O sucessor de “Princípio de Karenina”, situado na Cochinchina, mantém os traços característicos da prosa de Afonso Cruz: rápida, com apetência pelo aforismo, filosófica. Desta vez, o autor viajou do sudeste asiático até Berlim e por lá ficou desde os anos imediatamente anteriores ao muro de Berlim até pouco depois da construção da fronteira que viria a dividir território e vidas.
Theobald Thomas e Bluma Janek conhecem-se desde a nascença e as suas histórias de vida influenciam-se.
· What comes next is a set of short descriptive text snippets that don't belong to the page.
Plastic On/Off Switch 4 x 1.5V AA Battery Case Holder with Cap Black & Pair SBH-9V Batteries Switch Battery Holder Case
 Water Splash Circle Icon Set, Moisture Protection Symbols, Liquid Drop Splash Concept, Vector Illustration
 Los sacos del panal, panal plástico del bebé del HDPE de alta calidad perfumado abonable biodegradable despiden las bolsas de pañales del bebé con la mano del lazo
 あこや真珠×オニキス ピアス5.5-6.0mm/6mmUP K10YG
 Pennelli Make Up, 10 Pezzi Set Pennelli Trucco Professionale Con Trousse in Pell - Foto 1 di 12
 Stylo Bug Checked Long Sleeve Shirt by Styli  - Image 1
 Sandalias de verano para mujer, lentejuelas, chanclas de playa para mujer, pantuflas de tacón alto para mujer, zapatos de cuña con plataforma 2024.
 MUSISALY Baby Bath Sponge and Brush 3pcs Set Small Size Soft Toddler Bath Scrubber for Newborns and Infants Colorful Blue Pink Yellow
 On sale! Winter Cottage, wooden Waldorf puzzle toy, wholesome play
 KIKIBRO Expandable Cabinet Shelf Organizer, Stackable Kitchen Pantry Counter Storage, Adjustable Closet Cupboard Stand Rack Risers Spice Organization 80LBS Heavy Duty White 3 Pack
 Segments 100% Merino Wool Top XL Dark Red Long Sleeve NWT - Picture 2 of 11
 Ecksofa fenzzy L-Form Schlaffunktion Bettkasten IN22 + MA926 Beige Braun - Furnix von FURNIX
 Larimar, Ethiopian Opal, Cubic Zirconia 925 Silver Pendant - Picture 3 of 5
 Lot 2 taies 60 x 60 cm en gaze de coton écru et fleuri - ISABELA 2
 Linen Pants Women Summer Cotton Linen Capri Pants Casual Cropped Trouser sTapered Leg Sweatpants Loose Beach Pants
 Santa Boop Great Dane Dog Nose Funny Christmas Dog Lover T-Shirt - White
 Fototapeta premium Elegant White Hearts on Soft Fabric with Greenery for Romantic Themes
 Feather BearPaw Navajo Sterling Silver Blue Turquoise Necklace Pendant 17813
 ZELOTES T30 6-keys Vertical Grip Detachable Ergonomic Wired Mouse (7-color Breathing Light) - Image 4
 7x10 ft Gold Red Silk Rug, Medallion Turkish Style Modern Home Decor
Entre aproximações e afastamentos, percebem que estão destinados um ao outro.
Se no princípio foi referida a possibilidade do bem na escrita de Afonso Cruz, isso não significa a ausência do mal.
O binómio existe e, tal como em Theobald e Bluma, a sua dinâmica depende da interacção entre as partes, com afastamentos e aproximações, causas e consequências. Afonso Cruz tece assim uma trama com princípios reais, históricos e individuais, para, a partir daí, enovelar com ficção e escrever mais um bom romance.

O seu mais recente livro mantém a luminosidade do autor, como um candeeiro a iluminar o olhar dos leitores, e respiração muito próxima do livro anterior. Há estabilidade no discurso com espaço para diferentes recursos estilísticos e estratégias narrativas. Se a inserção de narrações paralelas, com o autor a assumir o nome próprio e experiências próprias na narrativa, funciona perfeitamente, a tentativa de intercalar diálogos incompletos — uma personagem a interromper outra ou a falar em simultâneo — não é tão bem-sucedida.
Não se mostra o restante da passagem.